**WHAT YOU ARE ASKED TO DO:**
Using the data below, return the stretch from the line that contains "Lilac Purple Crocheted Teddy Bear image 2" through the line that contains "1400rpm - BLACK", both included, exactly as it stands and nothing beyond it.

**RECORDS SUPPLIED:**
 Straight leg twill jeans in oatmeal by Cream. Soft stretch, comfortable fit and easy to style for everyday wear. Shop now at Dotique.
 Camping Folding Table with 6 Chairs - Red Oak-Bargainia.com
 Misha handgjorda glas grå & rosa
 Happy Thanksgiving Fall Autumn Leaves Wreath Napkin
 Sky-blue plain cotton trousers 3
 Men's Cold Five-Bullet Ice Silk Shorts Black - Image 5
==
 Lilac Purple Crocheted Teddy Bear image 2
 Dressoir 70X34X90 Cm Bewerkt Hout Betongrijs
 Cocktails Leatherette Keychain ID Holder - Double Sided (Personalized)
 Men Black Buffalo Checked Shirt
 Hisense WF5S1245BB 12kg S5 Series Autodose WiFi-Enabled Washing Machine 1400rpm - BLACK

**SOLUTION TO THIS TASK:**
 Lilac Purple Crocheted Teddy Bear image 2
 Dressoir 70X34X90 Cm Bewerkt Hout Betongrijs
 Cocktails Leatherette Keychain ID Holder - Double Sided (Personalized)
 Men Black Buffalo Checked Shirt
 Hisense WF5S1245BB 12kg S5 Series Autodose WiFi-Enabled Washing Machine 1400rpm - BLACK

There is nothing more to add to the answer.